Tanked Up And Ready To Party

Get inside the bastard child of Messrs Martin and Hewlett as never before with tons of unseen artwork, rare comic strips, exclusive new commentary from writer Alan Martin, every Jamie Hewlett Tank Girl cover ever, publicity posters, script samples and more besides. This really is a no-holds-barred guide to the roo-screwing, chain-smoking filth and fury of Tank Girl!

Alan C. Martin Interview

Titan Books: What are fans going to find in The Cream of Tank Girl?

Alan C. Martin: I’ve scoured Jamie’s archive and fleeced my mother’s loft to find stuff for The Cream of Tank Girl. Basically it’s gonna be a chunky “coffee-table” style art book, featuring every unpublished piece of art, script, and sketch that I could lay my hands on, along with all of Jamie's covers for Deadline Magazine, and all collaborations between Jamie and myself from that time. All this with a boring, monotone commentary from me. It's gonna be a pretty special book, and not too expensive!

What was your inspiration for creating Tank Girl?

I was instrumental in creating about 30% of Tank Girl, so much of her was her visual style, and Jamie had most of that in his head before we started to get stuff down on paper. However, I did add a lot of “flavor” to the character – my dressing on Jamie’s salad, so to speak. Some of the original sparks of inspiration came from Mick Lynch (of the band Stump)’s bald-with-a-clump-at-the-front haircut, Paul Hogan’s Crocodile Dundee, the Greebo look of Pop Will Eat Itself, 70s zombie movies, surf music, and a girl at college.

How critical are you when looking back at your old work?

I don’t really have time for criticism of the old stuff; it’s out there already in a dozen different formats, so there’s nothing I can do about it. I am, however, quite harsh on myself in relation to work in progress. But at the end of the day, the nature of Tank Girl is chaos, and you’ve just got to let it flow.

What is your favorite Tank Girl storyline?

That’ll have to be “The Mount Mushroom Massacre”, where Tank Girl and Booga rob an amusement park, escape on a bouncy castle owned by Graham Coxon, and spend their ill-gotten gains on a Mount Rushmore style memorial to themselves.
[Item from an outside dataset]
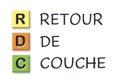 RDC initials in colored 3d cubes with meaning in french language Royalty Free Stock Photo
I think that was the last “proper” story I did with Jamie, I remember we had a lot of fun putting it together.

How did you approach writing Tank Girl: Armadillo, the character’s first prose novel?

That was the first Tank Girl related thing I’d written in well over a decade, so my approach was tentative to say the least. I wrote it in short bursts, not necessarily in the right order, and then once I had a decent amount of pages, the whole thing started to take on some kind of form.

How do you think new readers discovering the original Tank Girl comics in 2008 are going to react to her, compared to those who first read the books in the late 80s?

Hesitantly bemused.

Do you consider the new remastered editions of Tank Girl to be the definitive versions?

No. They’re just a fresher way of looking at them. The main thrust behind the project was to lose the computer coloring, which was done way back in the early nineties, and which has dated in a wholly different way from the actual artwork. So this is a chance to see the strips as they were originally printed in Deadline Magazine.

Do you identify with Tank Girl, or are any of the other regulars – Barney, Booga etc – closer to your personality? Which would you most/least like to be stuck in an elevator with?

I guess the Tank Girl team are all different aspects of me as a whole, so I relate to them all in some way – Tank Girl’s anger, Booga’s stupidity, Jet Girl’s couldn’t-give-a-shit-ness, Barney’s psychosis – but probably Tank Girl the most, as my thoughts get to dribble out of her mouth, unchecked and uncontrolled. I’d least like to be stuck in an elevator with Booga, because he's a bloke and because he'd probably do really rank farts.